Scale According to Your Needs

If you’re looking for local suppliers and producers, or specialty made ingredients for your restaurant menu, get out and do some research. Visit your local farmer’s markets, try a lot of products, and talk to your farmers. Also, talk to market organizers as they are usually knowledgeable sources of information on which farmers have bigger operations and are reliable to work with. Working with local suppliers can be very rewarding relationships and meeting them in person is a smart first step. If you are committed to working with local producers, join a local food cooperative. Restaurateurs who join together for bulk ordering can often make it easier for smaller suppliers to service you. See if any co-ops exist in your area, or talk to some of your like-minded neighbors about setting one up.

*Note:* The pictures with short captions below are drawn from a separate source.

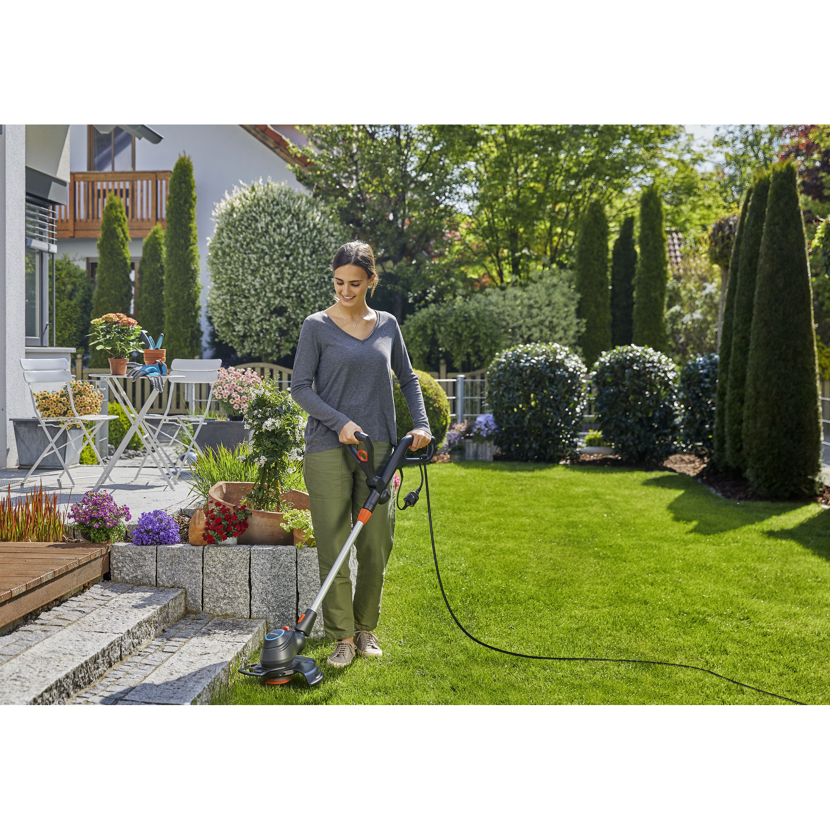 Person verwendet Elektrotrimmer im Garten.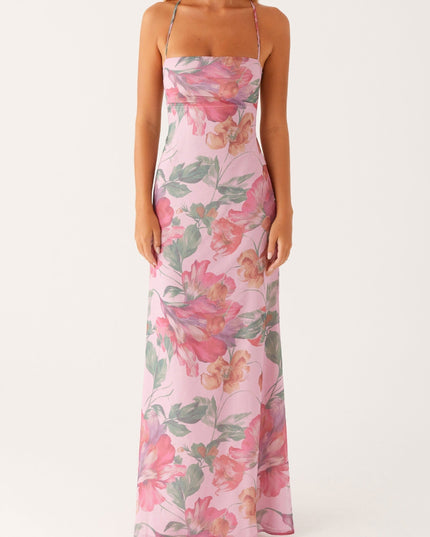 Full front view of a women's pink floral square neck maxi dress, highlighting the vibrant pattern.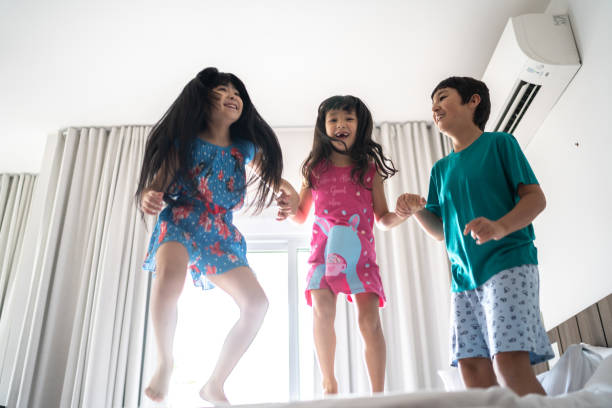 istock Happy siblings jumping on the bed at home 1309054666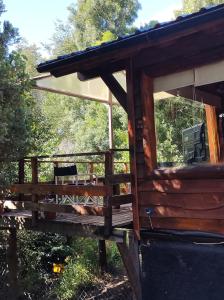 una veranda di una baita di tronchi con finestra di Cabaña en Bosque Nativo a San Carlos de Bariloche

Even if you’re hoping to source as many products locally as possible, there can still be a place for big food service suppliers. You may be spending more for local, organic chickens, so save on the big commodities like salt, flour or paper products by using a big food service supplier. Their prices will likely be the most competitive, leaving bigger portions of your budget available for the specialty items that make your dishes unique.

Get Social

More and more, food producers have discovered that they can create more demand for their products by speaking directly to consumers, even though they’re not actually selling directly to consumers. Give them something to talk about by engaging with them on social media. Online reviews are increasingly seen as trustworthy and show that you are taking a vested interested in their product.

By doing this, you will be certain to get their attention. Tag a supplier if you’re posting a photo of a dish made with their ingredients. Snap photos if you go visit their farm or production facilities. The more you can engage with them, the more they’ll also be sharing within their own circles, further expanding upon your network.

Be Generous

While these relationships may help your bottom line, also be generous so that it helps theirs as well. Recommend their products to other restaurants and be sure to let them know that you did so. Use their products to inspire restaurant menu ideas and give them direct feedback on how your customers are responding to their products. Look to them for advice when you are trying to create a particular menu item by bringing them into the process. Also, ask them how you can help them succeed and what items they are particularly excited about? You can guess what their business needs are, but if you ask, you’ll find out for sure and undoubtedly will get insights into things that weren’t even on your radar.

Don’t forget, using supplier, or any relationship, to further your cause only works when it’s mutually beneficial, and done in the spirit of community and true collaboration. Done with the best of intentions, these relationships can be leveraged to help positively impact everyone’s bottom line.